[PROBLEM TO SOLVE]:
Whatever pictures appear, omit them, and repeat the data below exactly.

[GIVEN INFORMATION]:
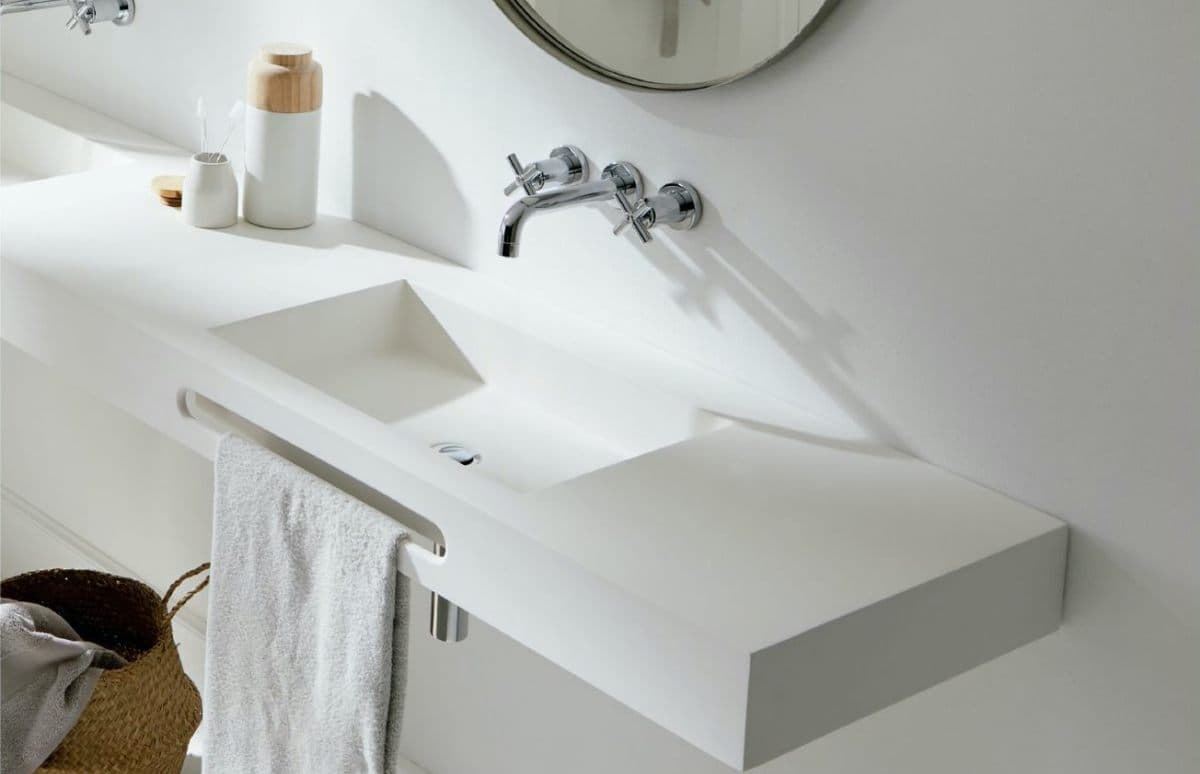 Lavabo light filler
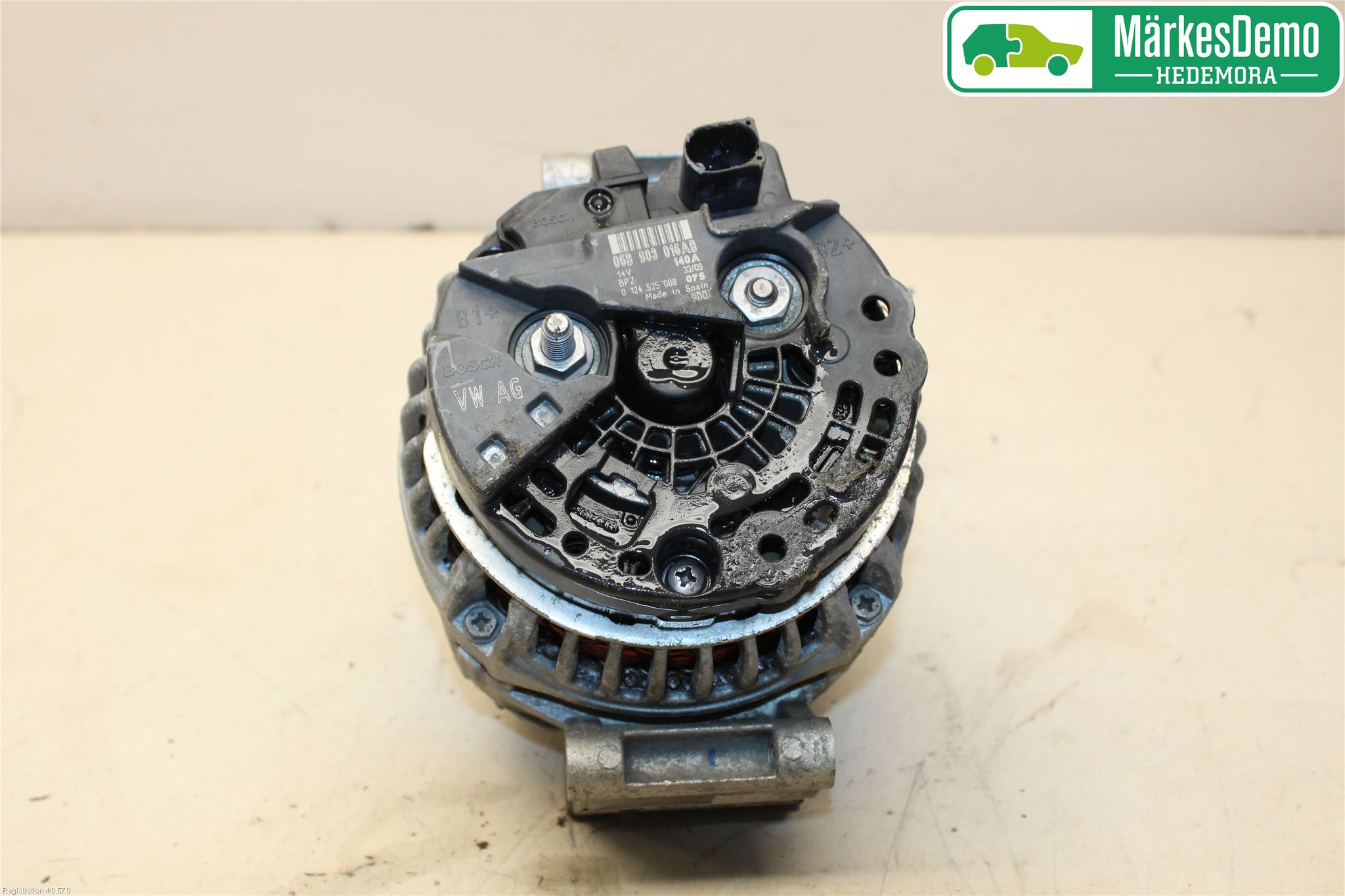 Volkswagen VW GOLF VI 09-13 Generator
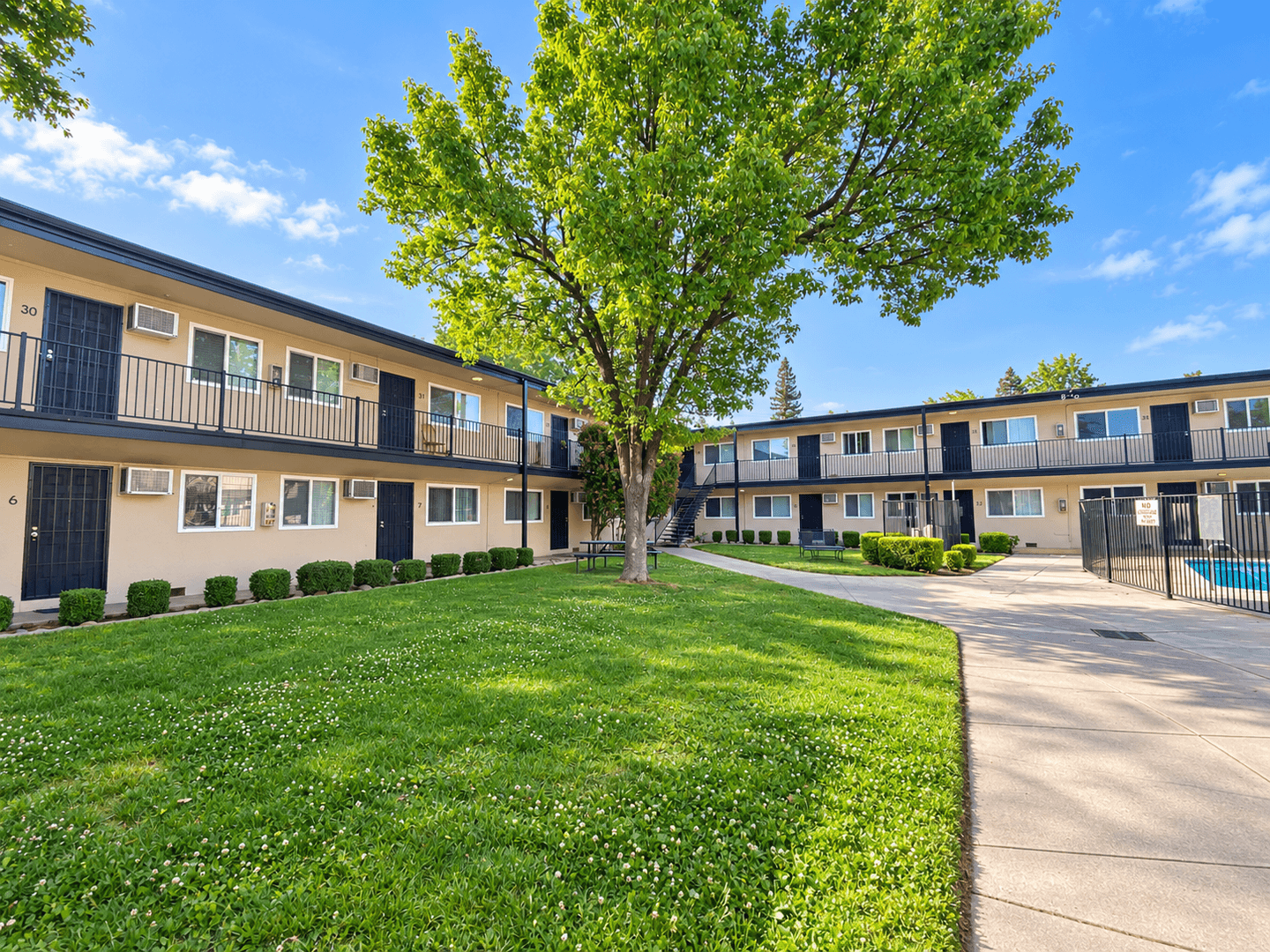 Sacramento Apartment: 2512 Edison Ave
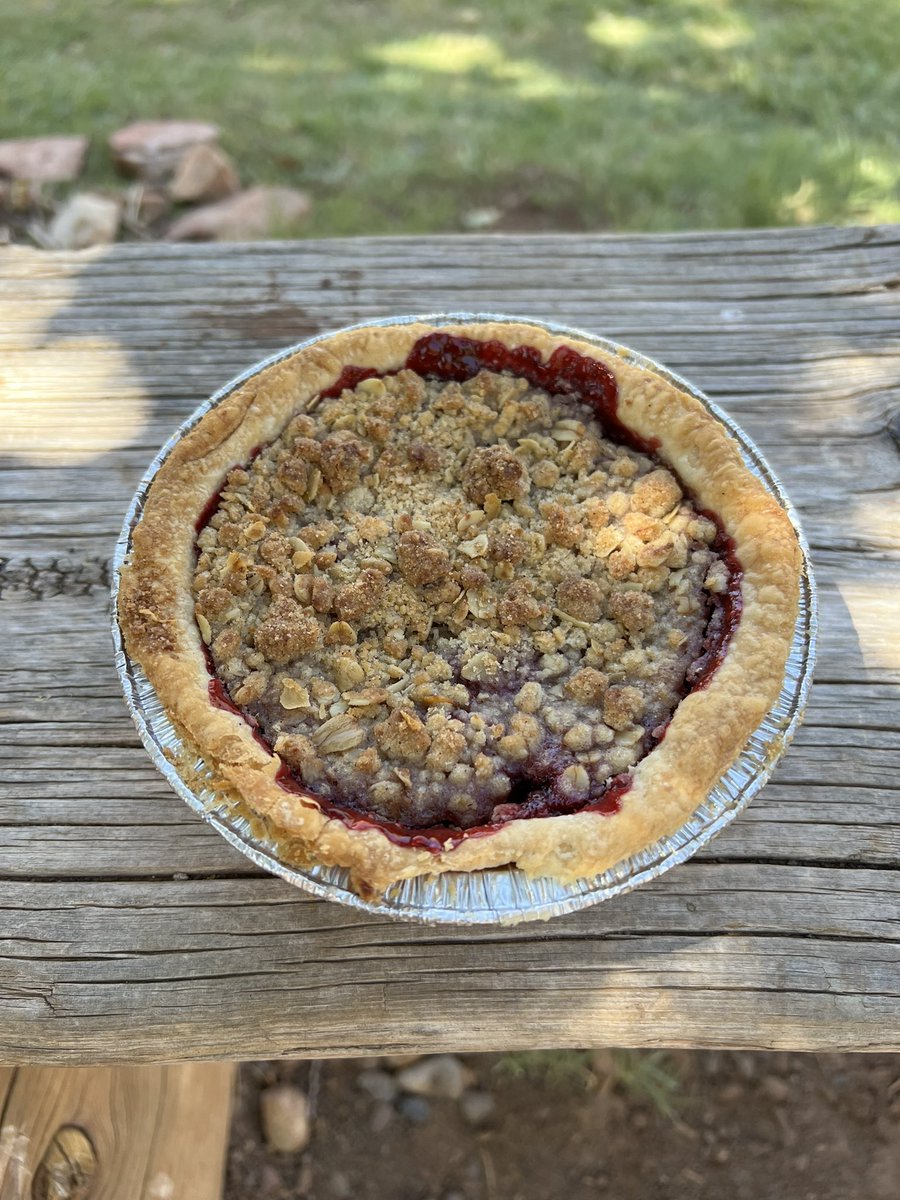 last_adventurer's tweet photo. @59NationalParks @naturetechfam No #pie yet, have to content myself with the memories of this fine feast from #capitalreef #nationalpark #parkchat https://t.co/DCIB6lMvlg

[RESPONSE TO THIS EXERCISE]:
 Lavabo light filler
 Volkswagen VW GOLF VI 09-13 Generator
 Sacramento Apartment: 2512 Edison Ave
 last_adventurer's tweet photo. @59NationalParks @naturetechfam No #pie yet, have to content myself with the memories of this fine feast from #capitalreef #nationalpark #parkchat https://t.co/DCIB6lMvlg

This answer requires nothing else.